**WORK INSTRUCTION:** Required from the data below: the exact lines starting at the line containing "Which of those" and ending at the line containing "Student confirms understanding: yes, 5", with both ends kept and all pictures dropped.

**RECORD EXTRACTS:**
--*--

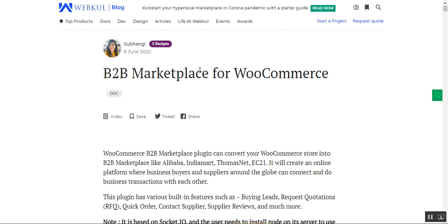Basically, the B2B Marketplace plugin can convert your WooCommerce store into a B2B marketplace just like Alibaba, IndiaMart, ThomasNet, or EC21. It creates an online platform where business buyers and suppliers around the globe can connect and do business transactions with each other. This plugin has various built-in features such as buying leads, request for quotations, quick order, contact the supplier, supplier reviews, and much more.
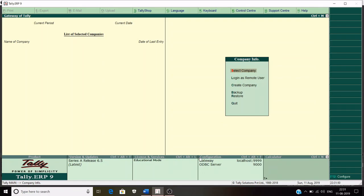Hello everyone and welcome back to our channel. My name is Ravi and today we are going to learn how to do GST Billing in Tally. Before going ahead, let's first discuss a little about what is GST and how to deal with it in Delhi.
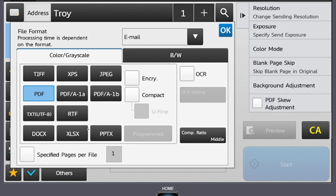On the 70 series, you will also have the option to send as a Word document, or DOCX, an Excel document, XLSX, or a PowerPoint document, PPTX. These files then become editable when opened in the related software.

--*--

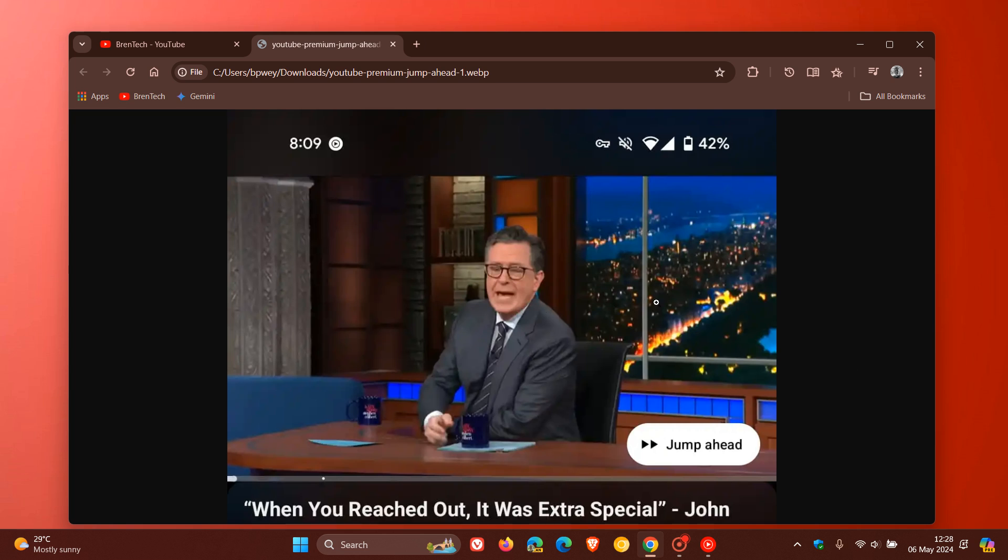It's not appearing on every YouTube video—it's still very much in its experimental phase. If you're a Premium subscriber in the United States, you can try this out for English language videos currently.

--*--

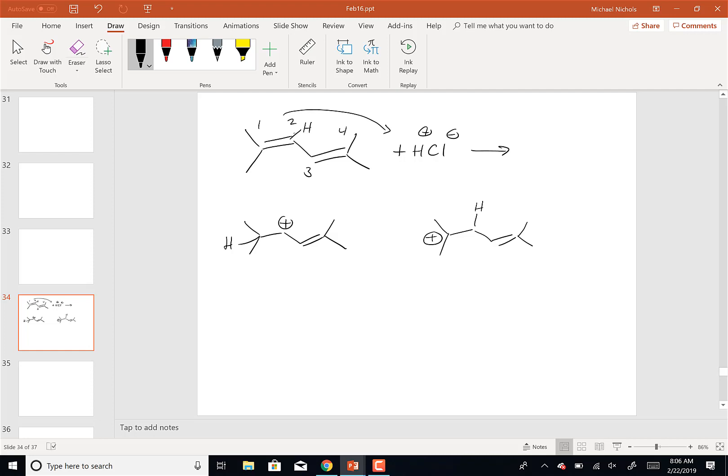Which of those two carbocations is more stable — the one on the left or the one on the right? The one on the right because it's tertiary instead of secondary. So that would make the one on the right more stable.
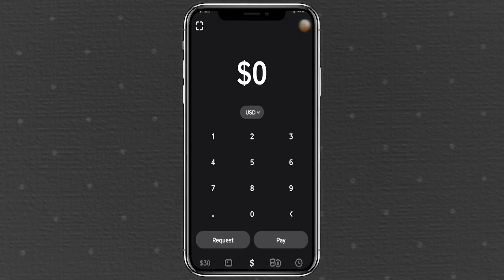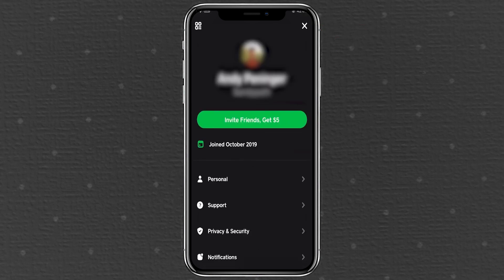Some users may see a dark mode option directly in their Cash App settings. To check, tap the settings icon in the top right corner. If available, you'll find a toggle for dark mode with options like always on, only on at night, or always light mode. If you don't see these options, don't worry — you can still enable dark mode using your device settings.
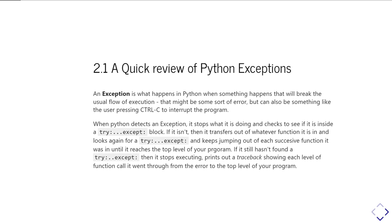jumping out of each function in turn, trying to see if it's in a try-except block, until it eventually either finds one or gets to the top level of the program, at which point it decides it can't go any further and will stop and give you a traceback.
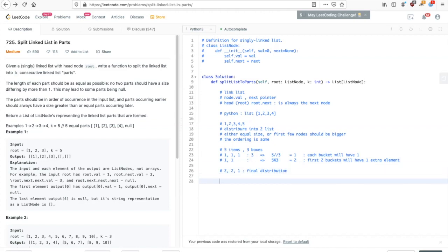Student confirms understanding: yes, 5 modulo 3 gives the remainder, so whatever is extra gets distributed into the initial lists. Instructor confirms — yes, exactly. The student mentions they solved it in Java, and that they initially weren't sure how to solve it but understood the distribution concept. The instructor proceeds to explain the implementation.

--*--

**FINISHED TASK:**
Which of those two carbocations is more stable — the one on the left or the one on the right? The one on the right because it's tertiary instead of secondary. So that would make the one on the right more stable.
Some users may see a dark mode option directly in their Cash App settings. To check, tap the settings icon in the top right corner. If available, you'll find a toggle for dark mode with options like always on, only on at night, or always light mode. If you don't see these options, don't worry — you can still enable dark mode using your device settings.
jumping out of each function in turn, trying to see if it's in a try-except block, until it eventually either finds one or gets to the top level of the program, at which point it decides it can't go any further and will stop and give you a traceback.
Student confirms understanding: yes, 5 modulo 3 gives the remainder, so whatever is extra gets distributed into the initial lists. Instructor confirms — yes, exactly. The student mentions they solved it in Java, and that they initially weren't sure how to solve it but understood the distribution concept. The instructor proceeds to explain the implementation.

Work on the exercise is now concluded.